El lince, la máscara y una cuerda floja
Las herejías jocosas de Maurizio Cattelan se inscriben dentro del contrapunteo entre esencia y apariencia que predomina en diferentes estrategias de enmascaramientos contemporáneas. Entre el cuerpo, el objeto y la acción, sus esculturas hiperrealistas y performances se traducen en ese afán universal por ocultar las verdaderas intenciones humanas. Cattelan no se vende como un artista conceptual, aunque muchos de sus gestos ostentan una notable densidad de ideas.
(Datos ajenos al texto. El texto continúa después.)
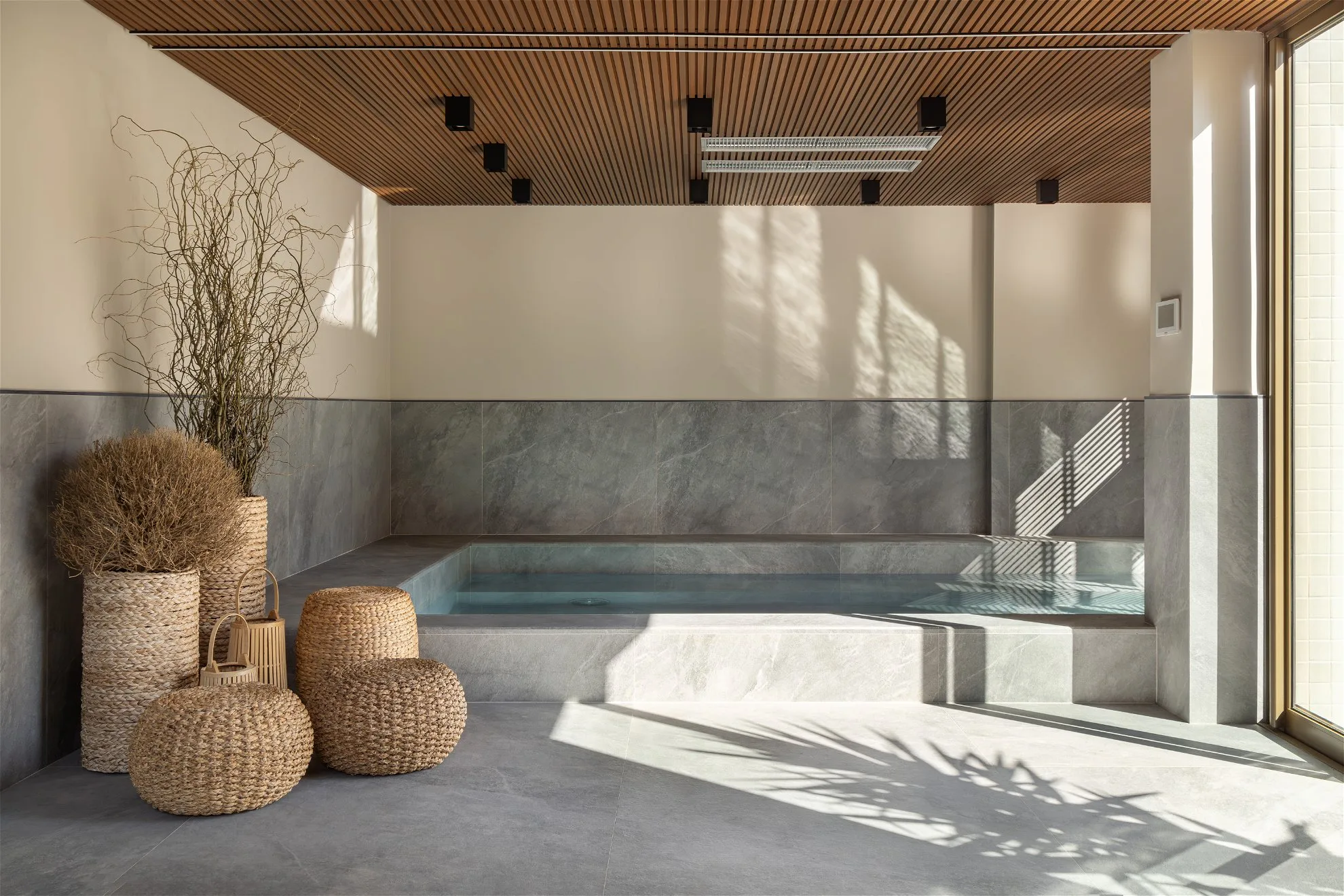 Admirá by Arrka: Luxury Duplex with Rooftop Resort in Centro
Tampoco presume de su gravedad poética; sin embargo, tras la ligereza de ciertas fábulas se esconde la conversión de lo cómico en lo trágico, lo obviamente cotidiano en atractivo ilusionismo, dejando escaso margen para definirlo como simple humorista o juglar conceptual.
“El genio propio del hombre es el genio de la mentira” Friedrich Nietzsche (Aurora)
Bailando en la cuerda floja tensada por lo banal y lo profundo, este artista italiano afincado en Nueva York gusta de parapetarse en ese “todo puede ser cualquier cosa”, donde el reto mayor implica ser convincentemente ambiguo. Al valerse de esa bruma mediática que no se deja leer, su fama se debe más a una semblanza frívola de la epidermis discursiva antes que a un desmontaje crítico de una engañosa distorsión de lo real.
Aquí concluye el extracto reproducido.